Tuesday, November 01, 2005

Tuesday

Haha! I'll post BEFORE I start work today! I'll foil you yet, silly workplace!!

Okay, DH - here are the seven blog topics I've pieced together for you:

  • Would you make a good Survivor contestant? Why or why not?
  • What is your worst fault? Your greatest strength?
  • How do you want to be remembered?
  • Any regrets?
  • Share your testimony.
  • What is your heart's desire?
  • Of what accomplishment are you most proud?

There ya go - have at 'em!

__________________________________

I recently finished a very...um - interesting book, shall we say. It's called Lamb - a novel - The Gospel According to Biff, Christ's Childhood Pal by Christopher Moore. (With a title like that, could you blame me for picking it up?!) While the book as a whole is completely irreverent and definitely fiction, the premise is interesting. It covers those missing childhood and young adult years. Christ knows He's the Son of God but doesn't know what to do, or how to be the Son of God. Moore takes his characters on a search for the three magi for Christ to be "trained." If you can get past the language and the questionable situations, it really gives a new spin on Christ's human side. One scene really impressed me - it's toward the end of his ministry and He's been trying to tell his disciples what the kingdom of God is like and He's completely frustrated because they just aren't getting it. He and Biff take a break and Maggie (Mary Magdalene) runs up to them.

"You two are the ninnies here. You both rail on them about their intelligence, when that doesn't have anything to do with why they're here. Have either one of you heard them preach? I have. Peter can heal the sick now. I've seen it. I've seen James make the lame walk. Faith isn't an act of intelligence, it's an act of imagination. Every time you give them a new metaphor for the kingdom they see the metaphor, a mustard seed, a field, a garden, a vineyard, it's like pointing something out to a cat - the cat looks at your finger, not at what you're pointing at. They don't need to understand it, the only need to believe, and they do. They imagine the kingdom as they need it to be, they don't need to grasp it, it's there already, they can let it be. Imagination, not intellect." (Emphasis mine.)

Hmmm...

2 comments:

Beaner said...

I've seen that book & thought about getting it, but I wasn't sure because I saw some of the questionable stuff when I flipped through it.
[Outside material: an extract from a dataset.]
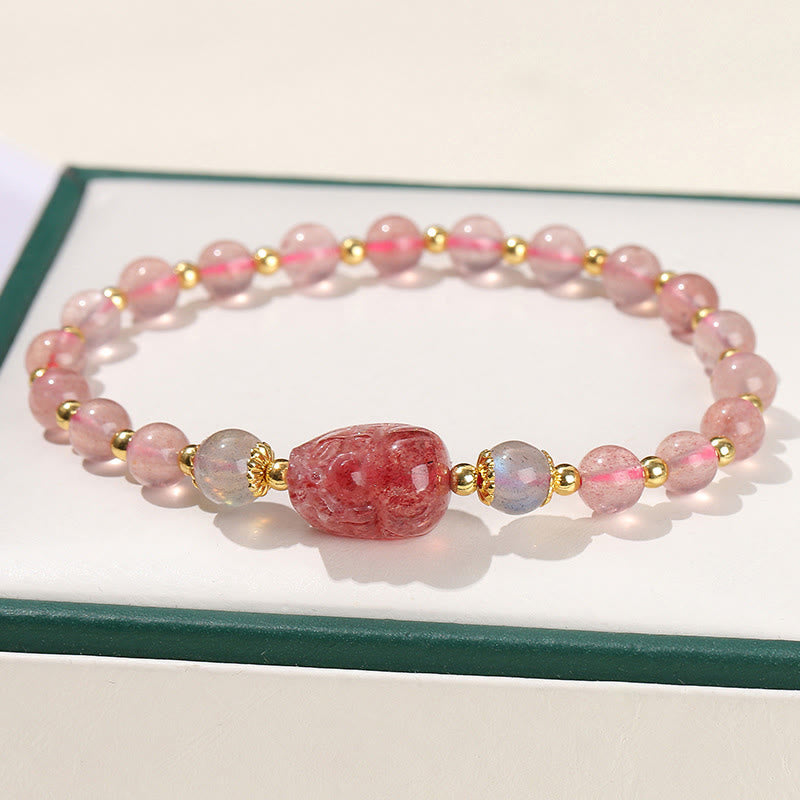 Nimara Ritual Moonstone Strawberry Quartz Tourmaline PiXiu Healing Bracelet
At ZOE this year, 1 of the speakers said that even Jesus couldn't tell us what the Kingdom of God was really like, He had to use all those analogies which doesn't ever give the full picture.

Chris said...

Yeah, well, I didn't exactly check it out before I, well, checked it out! And by the time I got to the stuff I needed to filter, I was pretty much enthralled by the story and concept. So I just filtered extra hard! LOL!